◆ **Assignment**
Within the entries below, the lines from the one with "Corsair 4 in 1 Gaming Bundle - 2025 Edition |" through the one with "3134 N Long Avenue Chicago IL 60641" are to be set down exactly, both ends kept.

◆ **Task inputs**
--- START ---

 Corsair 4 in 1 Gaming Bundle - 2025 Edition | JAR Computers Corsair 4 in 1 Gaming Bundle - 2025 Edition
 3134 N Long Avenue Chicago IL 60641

--- END ---
--- START ---

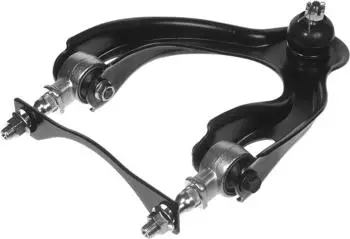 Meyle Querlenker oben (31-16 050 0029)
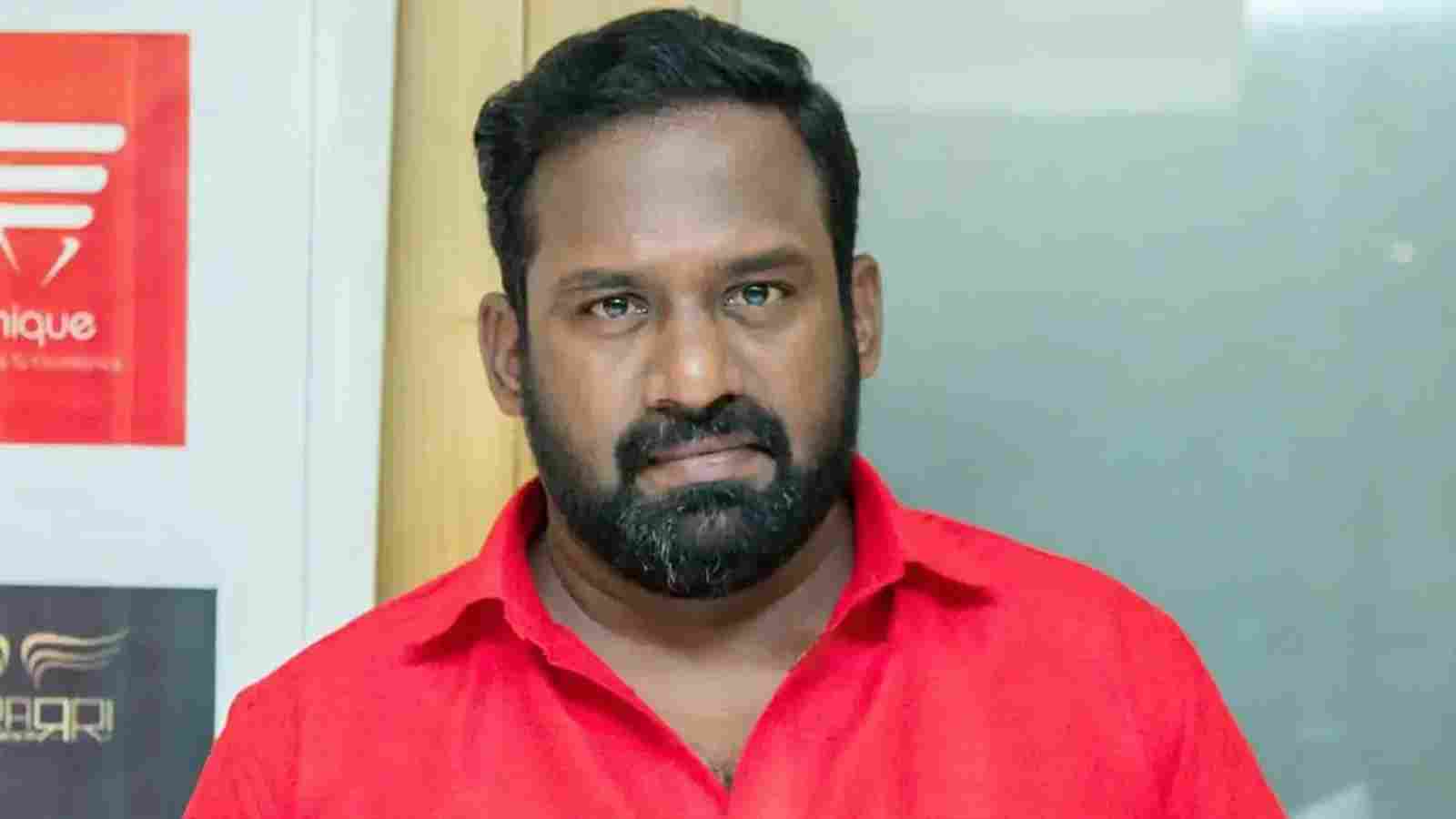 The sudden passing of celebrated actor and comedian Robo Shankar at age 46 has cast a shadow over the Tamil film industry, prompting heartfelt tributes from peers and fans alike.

--- END ---

◆ **Task result**
 Corsair 4 in 1 Gaming Bundle - 2025 Edition | JAR Computers Corsair 4 in 1 Gaming Bundle - 2025 Edition
 3134 N Long Avenue Chicago IL 60641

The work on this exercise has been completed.